The maximum punishment for offenses not listed in Part IV of the Manual is the same as that listed for a closely-related offense in Part IV. If there are no closely-related offenses, then the maximum punishment is the same as that authorized by the United States Code. R.C.M. 1003(c)(l)(B)(i)-(ii).
At the time of this court-martial, the maximum authorized confinement was 5 years for either fraud against the United States or for attempted larceny of property of a value in excess of $100.00. The military judge ruled that the federal bank fraud statute was not closely related to either military offense and that the maximum confinement was 30 years, as authorized by the United States Code.
In the previous section of this opinion, we held that the appellant’s misconduct did not violate Article 132. Consequently, we find that his offense was not closely related to Article 132. Further, we held that attempted larceny was a lesser included offense of bank fraud. We must necessarily find that the greater offense is not closely related to the lesser offense.
Thus, we hold that the military judge did not err in determining that the maximum confinement for bank fraud was 30 years. See United States v. Hopkins, 55 M.J. 546, 549 (A.F.Ct.Crim.App.2001)(holding that 18 U.S.C. § 1546, knowingly making false statements on visa applications, was not closely related to Article 107, UCMJ, false official statements).

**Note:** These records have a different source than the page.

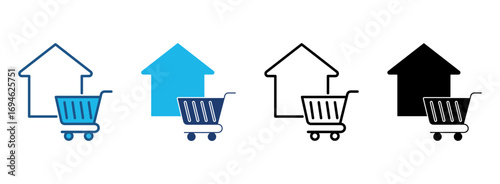 Supermarket Icon Set With Multiple Styles. Vector Illustration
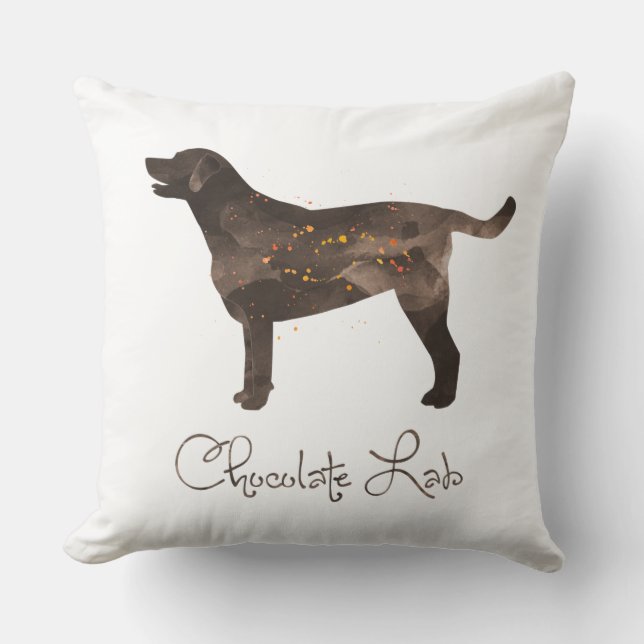 Chocolate Lab Watercolor Design Throw Pillow (Front)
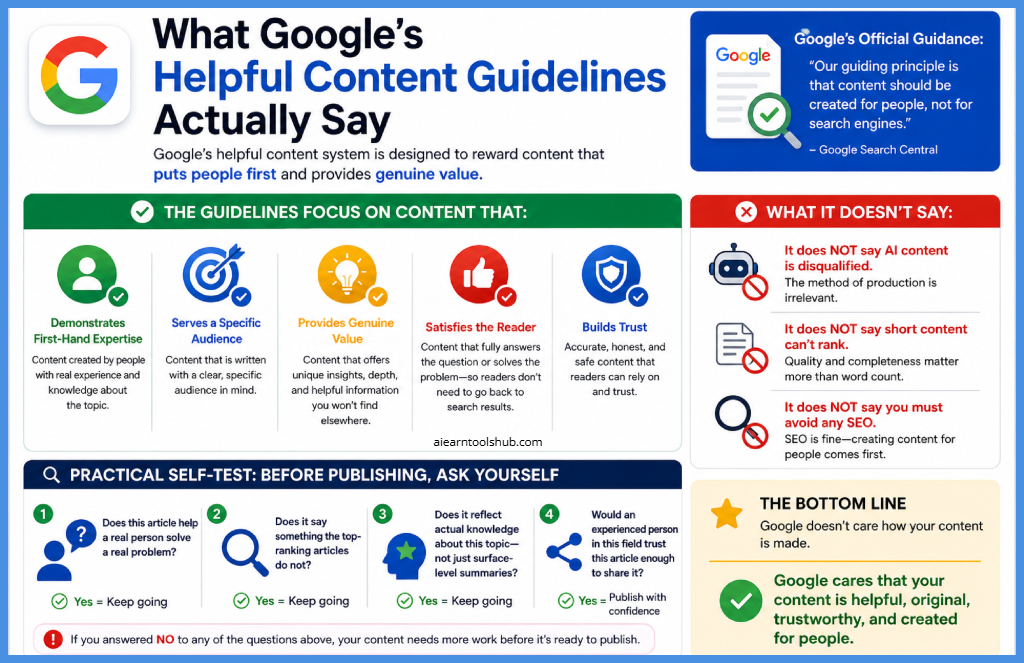 What Google’s helpful content guidelines actually say in 2026 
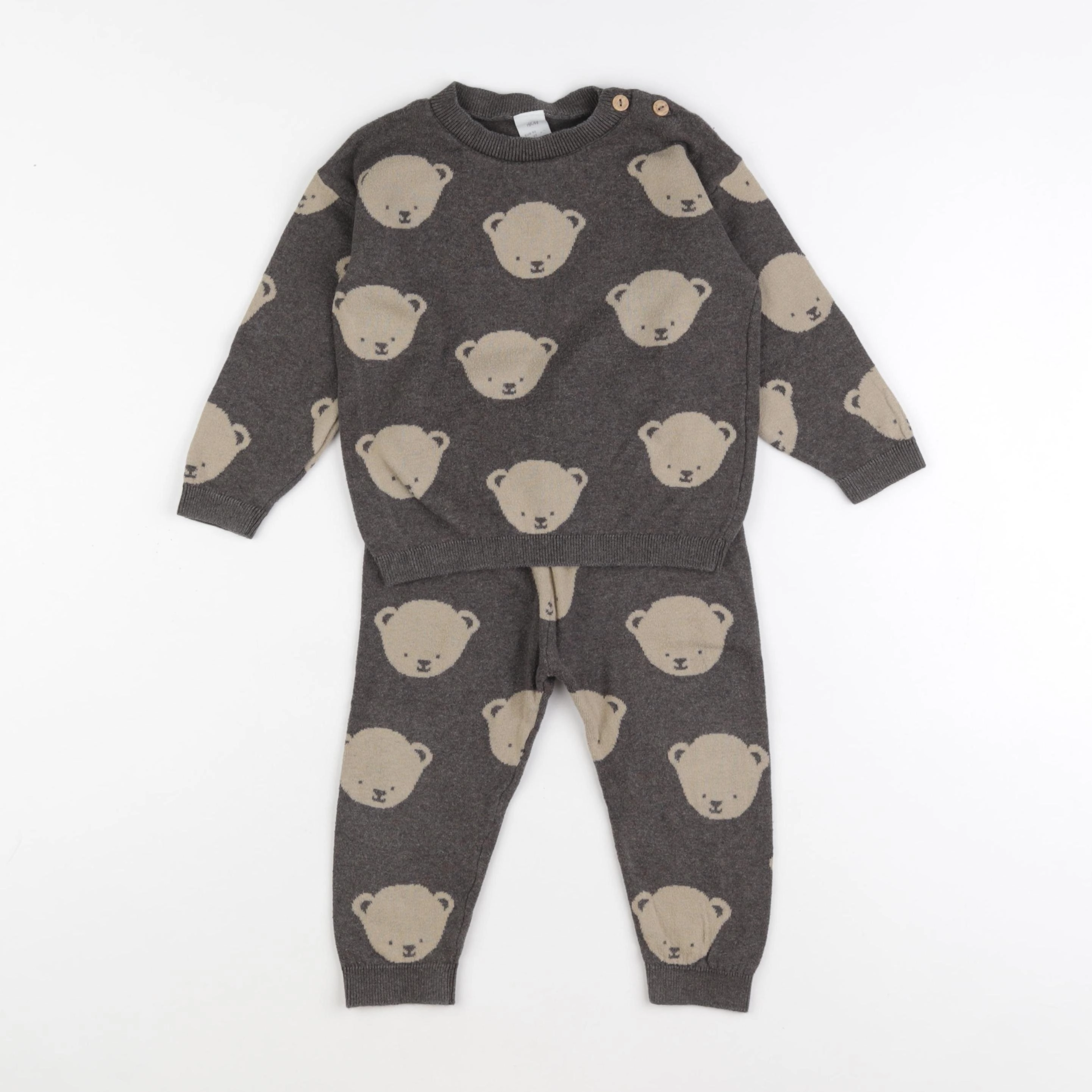 H&M - ensemble gris - 1 an à 2 ans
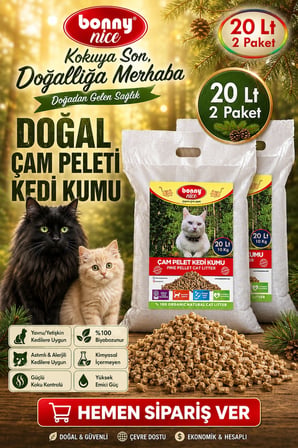 Bonny Nice Doğal Çam Peleti Kedi Kumu 10 Kg 20 Lt (2 Adet)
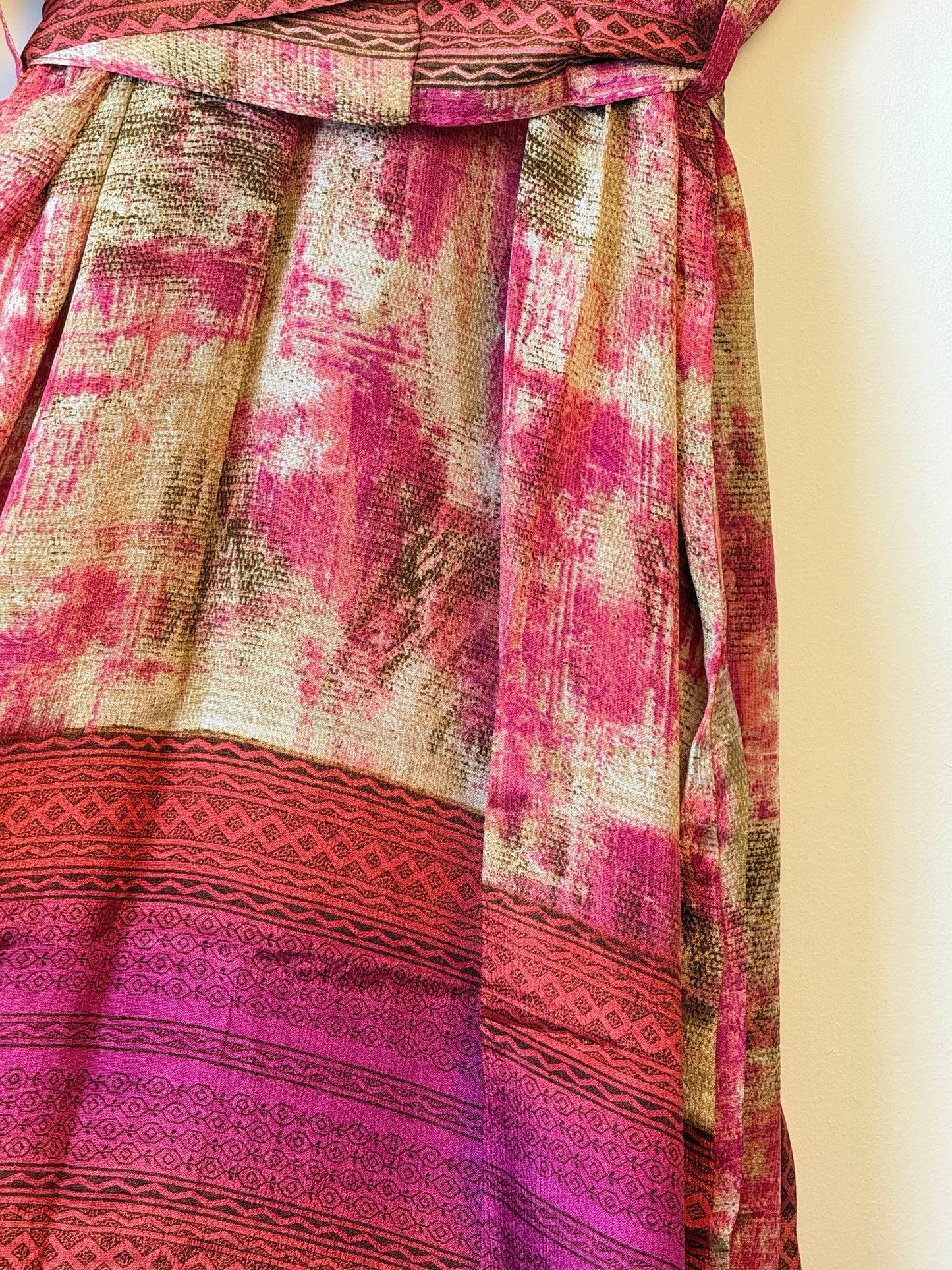 Vintage Saree Silk Kimono / Duster - Long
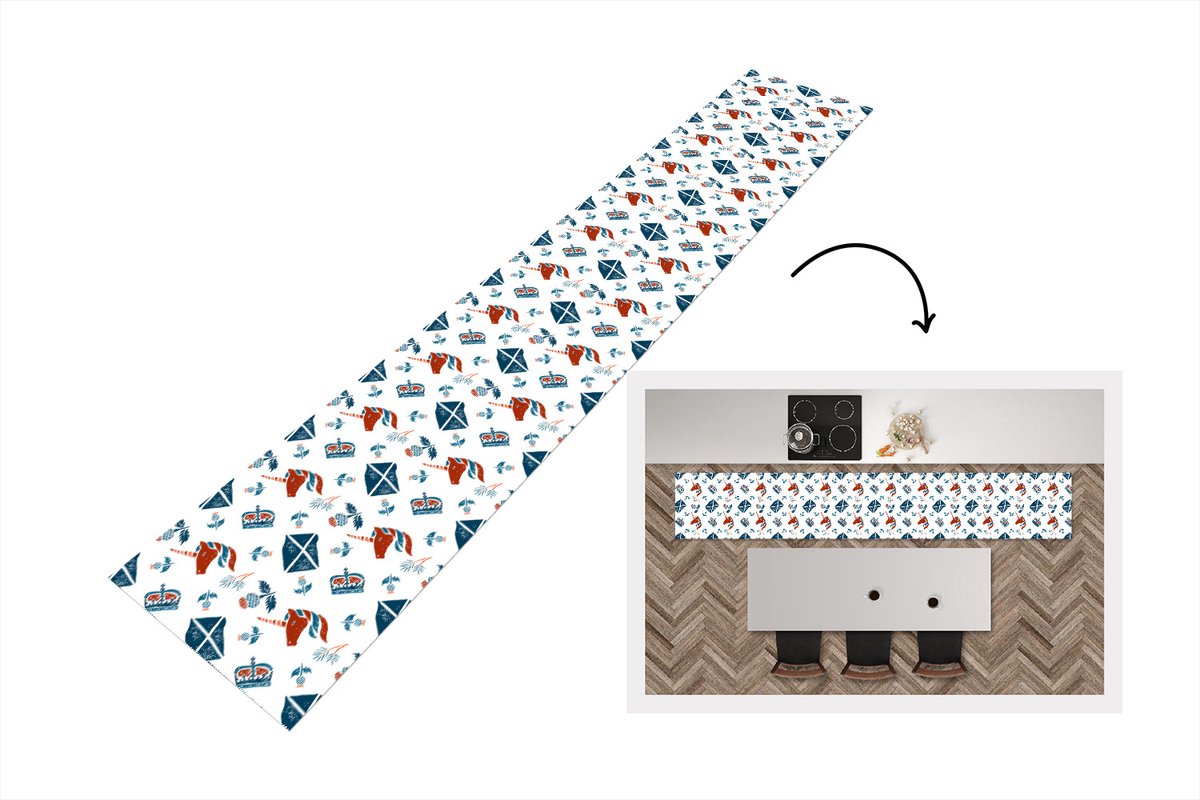 KitchenYeah Keukenloper - Loper keuken - Schotland - Patronen - Unicorn - 300x50 cm - Keukenloper vinyl Multicolor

Remaining Assignments of Error
We have carefully considered the appellant’s remaining two assignments of error2 and find them without merit.
Conclusion
Accordingly, the findings of guilty and sentence, as approved by the convening authority, are affirmed.
Senior Judge RITTER and Judge WAGNER concur.. On 6 July 2004, after we scheduled this case for oral argument on 14 September 2004, the appellant moved for expedited review, requesting that we complete our review by 23 August 2004 or, in the alternative, release the appellant from confinement pending resolution of his appeal. Motion for Leave to File and Motion to Expedite Appellate Review of 6 Jul 2004. We denied the motion, but stated that "following oral argument on 14 September 2004, the appellant’s case will receive expedited review." N.M.Ct.Crim.App. Order of 20 Jul 2004. Counsel subsequently notified this court that our date for oral argument conflicted with a mandatory orientation training session called by the Court of Appeals for the Armed Forces. We therefore rescheduled oral argument for the next available date. N.M.Ct.Crim.App. Order of 30 Aug 2004. Oral argument was conducted on 1 October 2004.
. III. THE MILITARY JUDGE SHOULD HAVE COMBINED SPECIFICATION 1 OF CHARGE II, ATTEMPTED DESERTION, AND CHARGE V, SPECIFICATION 1, IMPERSONATING AN OFFICER, AND CHARGE V, SPECIFICATION 2, BANK FRAUD, WHERE ALL OF THE SPECIFICATIONS WERE PART OF THE SAME CONDUCT AND WHERE THE CHARGED CONDUCT OF IMPERSONATION WAS THE VERY MEANS BY WHICH THE BANK FRAUD WAS COMMITTED.
IV. APPELLANT WAS SUBJECTED TO ILLEGAL PRETRIAL CONFINEMENT UNDER ARTICLE 13, UCMJ, FOR BEING PLACED IN SPECIAL QUARTERS.